A Rússia promoveu na madrugada deste domingo (24) um dos maiores bombardeios contra Kiev desde o começo da guerra na Ucrânia. A ofensiva atingiu diferentes pontos da capital ucraniana, incluindo regiões centrais próximas a prédios públicos, mercados, escolas e áreas residenciais. O ataque provocou explosões em vários bairros, além de incêndios e grandes nuvens de fumaça espalhadas pela cidade.
Confira detalhes no vídeo:
Segundo a Força Aérea da Ucrânia, as tropas russas lançaram aproximadamente 600 drones de ataque e 90 mísseis disparados por terra, mar e ar. As autoridades ucranianas afirmaram que os sistemas de defesa conseguiram interceptar boa parte dos projéteis. De acordo com o balanço divulgado pelo governo, 549 drones e 55 mísseis teriam sido destruídos ou neutralizados antes de atingir os alvos.
Apesar das interceptações, o ataque deixou mortos e dezenas de feridos. Informações preliminares apontam ao menos duas mortes e 56 pessoas feridas. Equipes de resgate e bombeiros foram acionadas durante toda a madrugada para combater incêndios, retirar vítimas de áreas atingidas e avaliar os danos causados pelos bombardeios.
Moradores relataram momentos de medo e tensão durante a noite. As sirenes de alerta aéreo permaneceram ligadas por horas enquanto explosões eram registradas em diferentes partes da cidade. Imagens divulgadas nas redes sociais mostraram prédios danificados, ruas cobertas por destroços e focos de incêndio em áreas urbanas.
O presidente da Ucrânia, Volodymyr Zelensky, afirmou que a Rússia utilizou o míssil hipersônico Oreshnik durante a ofensiva. Em pronunciamento, Zelensky classificou o ataque como extremamente pesado e acusou Moscou de atingir propositalmente estruturas civis. O líder ucraniano também voltou a pedir apoio militar do Ocidente para reforçar os sistemas de defesa aérea do país, especialmente contra mísseis balísticos.

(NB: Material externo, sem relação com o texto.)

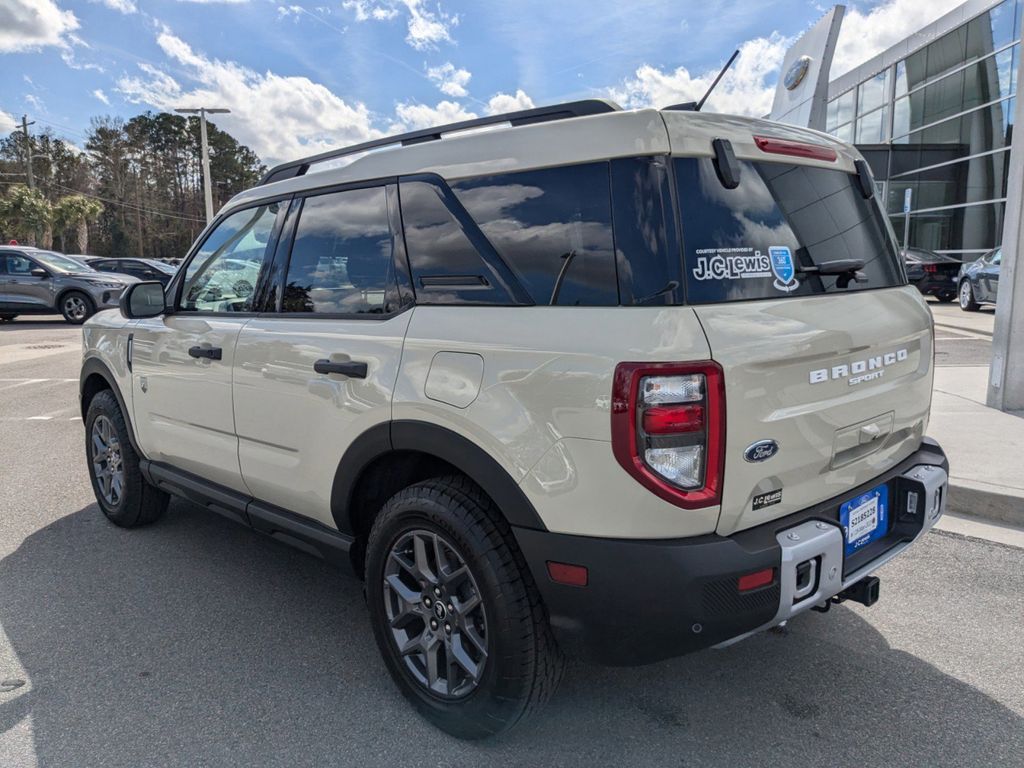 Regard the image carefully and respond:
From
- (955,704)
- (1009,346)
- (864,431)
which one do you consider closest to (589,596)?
(864,431)

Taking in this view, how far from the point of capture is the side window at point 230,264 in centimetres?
328

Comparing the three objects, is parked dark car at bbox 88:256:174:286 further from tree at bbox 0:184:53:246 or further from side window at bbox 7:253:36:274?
tree at bbox 0:184:53:246

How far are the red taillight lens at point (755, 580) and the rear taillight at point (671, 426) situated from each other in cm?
24

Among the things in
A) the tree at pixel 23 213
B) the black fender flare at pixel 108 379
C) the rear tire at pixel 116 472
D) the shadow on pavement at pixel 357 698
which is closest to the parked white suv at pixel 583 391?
the shadow on pavement at pixel 357 698

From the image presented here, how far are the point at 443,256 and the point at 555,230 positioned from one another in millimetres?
460

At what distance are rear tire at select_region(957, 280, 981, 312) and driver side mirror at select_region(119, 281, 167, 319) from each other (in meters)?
16.0

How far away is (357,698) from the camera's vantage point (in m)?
2.67

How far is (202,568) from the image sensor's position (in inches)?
151

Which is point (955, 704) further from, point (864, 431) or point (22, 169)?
point (22, 169)

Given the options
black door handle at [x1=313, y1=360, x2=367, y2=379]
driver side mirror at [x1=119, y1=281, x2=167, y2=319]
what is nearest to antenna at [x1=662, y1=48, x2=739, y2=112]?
black door handle at [x1=313, y1=360, x2=367, y2=379]

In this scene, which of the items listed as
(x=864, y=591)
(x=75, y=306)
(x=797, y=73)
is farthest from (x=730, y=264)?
(x=797, y=73)

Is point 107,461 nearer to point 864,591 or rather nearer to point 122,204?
point 864,591

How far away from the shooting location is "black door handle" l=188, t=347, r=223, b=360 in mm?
3250

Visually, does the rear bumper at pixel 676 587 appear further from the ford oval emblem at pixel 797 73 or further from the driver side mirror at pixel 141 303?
the ford oval emblem at pixel 797 73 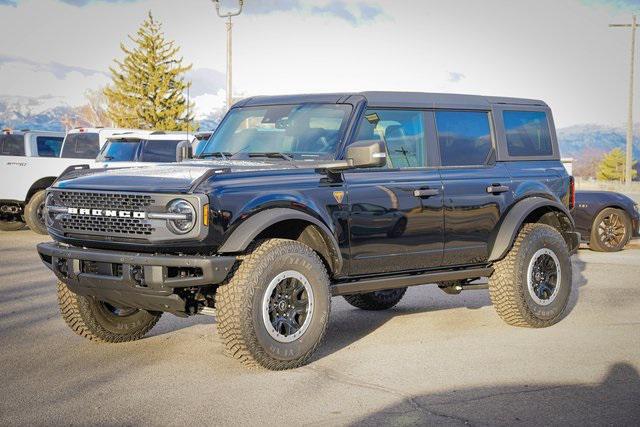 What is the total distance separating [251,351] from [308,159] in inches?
66.3

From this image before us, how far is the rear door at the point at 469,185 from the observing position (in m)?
8.02

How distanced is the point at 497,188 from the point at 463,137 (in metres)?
0.55

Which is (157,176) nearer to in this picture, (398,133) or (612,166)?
(398,133)

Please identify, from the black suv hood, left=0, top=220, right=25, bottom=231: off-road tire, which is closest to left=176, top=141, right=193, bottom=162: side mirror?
the black suv hood

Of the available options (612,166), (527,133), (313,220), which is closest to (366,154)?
(313,220)

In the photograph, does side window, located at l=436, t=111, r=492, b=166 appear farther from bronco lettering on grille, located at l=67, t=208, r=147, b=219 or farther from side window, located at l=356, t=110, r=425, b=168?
bronco lettering on grille, located at l=67, t=208, r=147, b=219

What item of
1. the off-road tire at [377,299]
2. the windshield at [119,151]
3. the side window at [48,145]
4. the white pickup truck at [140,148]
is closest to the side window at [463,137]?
the off-road tire at [377,299]

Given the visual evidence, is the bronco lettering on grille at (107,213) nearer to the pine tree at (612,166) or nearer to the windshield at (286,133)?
the windshield at (286,133)

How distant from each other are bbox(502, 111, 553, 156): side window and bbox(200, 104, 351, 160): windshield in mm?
2005

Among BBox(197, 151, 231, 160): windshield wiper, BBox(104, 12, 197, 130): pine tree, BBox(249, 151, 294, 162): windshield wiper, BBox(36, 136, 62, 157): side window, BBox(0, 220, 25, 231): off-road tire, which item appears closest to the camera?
BBox(249, 151, 294, 162): windshield wiper

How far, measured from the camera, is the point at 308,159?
24.3 feet

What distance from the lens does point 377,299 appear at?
31.6 feet

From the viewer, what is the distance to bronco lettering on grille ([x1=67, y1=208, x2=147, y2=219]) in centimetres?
651

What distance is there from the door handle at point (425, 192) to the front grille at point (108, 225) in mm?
2288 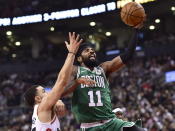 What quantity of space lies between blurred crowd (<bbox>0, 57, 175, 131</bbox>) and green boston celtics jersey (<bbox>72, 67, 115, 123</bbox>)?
24.5 ft

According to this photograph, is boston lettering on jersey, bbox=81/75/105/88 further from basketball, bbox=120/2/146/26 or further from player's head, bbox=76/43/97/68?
basketball, bbox=120/2/146/26

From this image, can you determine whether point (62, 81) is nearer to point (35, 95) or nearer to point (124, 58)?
point (35, 95)

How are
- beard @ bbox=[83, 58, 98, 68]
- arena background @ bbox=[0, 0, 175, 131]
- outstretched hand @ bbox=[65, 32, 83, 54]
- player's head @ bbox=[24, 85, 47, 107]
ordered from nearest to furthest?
1. outstretched hand @ bbox=[65, 32, 83, 54]
2. player's head @ bbox=[24, 85, 47, 107]
3. beard @ bbox=[83, 58, 98, 68]
4. arena background @ bbox=[0, 0, 175, 131]

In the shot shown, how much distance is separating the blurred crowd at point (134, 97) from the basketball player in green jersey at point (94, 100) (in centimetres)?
742

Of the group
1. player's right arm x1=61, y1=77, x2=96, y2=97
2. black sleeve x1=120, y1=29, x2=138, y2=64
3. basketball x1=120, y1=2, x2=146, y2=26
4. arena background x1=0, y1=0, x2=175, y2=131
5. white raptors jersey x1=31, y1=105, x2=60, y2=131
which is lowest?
white raptors jersey x1=31, y1=105, x2=60, y2=131

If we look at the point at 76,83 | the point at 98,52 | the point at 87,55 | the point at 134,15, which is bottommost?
the point at 76,83

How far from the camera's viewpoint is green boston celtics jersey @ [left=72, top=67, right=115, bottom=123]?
5500mm

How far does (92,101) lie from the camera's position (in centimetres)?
552

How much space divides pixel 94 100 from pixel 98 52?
1826cm

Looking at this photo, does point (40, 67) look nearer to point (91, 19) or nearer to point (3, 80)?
point (3, 80)

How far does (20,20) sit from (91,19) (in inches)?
148

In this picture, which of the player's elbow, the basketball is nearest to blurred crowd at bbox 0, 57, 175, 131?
the basketball

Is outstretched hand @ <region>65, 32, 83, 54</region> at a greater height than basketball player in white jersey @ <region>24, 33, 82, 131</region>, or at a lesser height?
greater

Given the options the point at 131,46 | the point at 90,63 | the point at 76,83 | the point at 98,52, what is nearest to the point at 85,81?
the point at 76,83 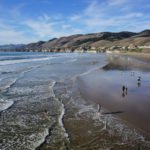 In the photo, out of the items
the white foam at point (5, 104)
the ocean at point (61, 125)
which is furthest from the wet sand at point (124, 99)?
the white foam at point (5, 104)

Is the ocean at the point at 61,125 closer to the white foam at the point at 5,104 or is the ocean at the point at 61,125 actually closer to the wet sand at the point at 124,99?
the white foam at the point at 5,104

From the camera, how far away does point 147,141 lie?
14297 millimetres

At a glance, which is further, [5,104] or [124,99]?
[124,99]

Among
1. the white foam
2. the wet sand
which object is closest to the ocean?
the white foam

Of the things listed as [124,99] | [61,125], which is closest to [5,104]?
[61,125]

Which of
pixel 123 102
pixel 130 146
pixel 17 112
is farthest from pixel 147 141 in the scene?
pixel 17 112

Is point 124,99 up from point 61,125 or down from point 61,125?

De acordo com agências estatais russas, as forças de Moscou empregaram quatro modelos de mísseis no ataque: Oreshnik, Iskander, Kinzhal e Zircon. Esses armamentos fazem parte do arsenal estratégico russo e são considerados alguns dos mais avançados utilizados no conflito até o momento.
O Ministério da Defesa da Rússia declarou que a operação foi realizada como resposta a ataques ucranianos contra civis em território russo. Segundo o governo de Moscou, os alvos eram instalações militares, centros de comando, bases aéreas e empresas ligadas à indústria de defesa da Ucrânia.
O episódio aumenta ainda mais a tensão da guerra, que continua sem perspectiva de encerramento próximo. Nas últimas semanas, ataques de ambos os lados se intensificaram, ampliando o clima de insegurança e destruição em diversas regiões.
Especialistas avaliam que a ofensiva demonstra uma nova escalada militar no conflito, principalmente pelo uso de armamentos avançados e pela quantidade de drones e mísseis empregados simultaneamente. Enquanto isso, a população civil segue convivendo com os impactos da guerra, marcada por bombardeios constantes, destruição de infraestrutura e crise humanitária.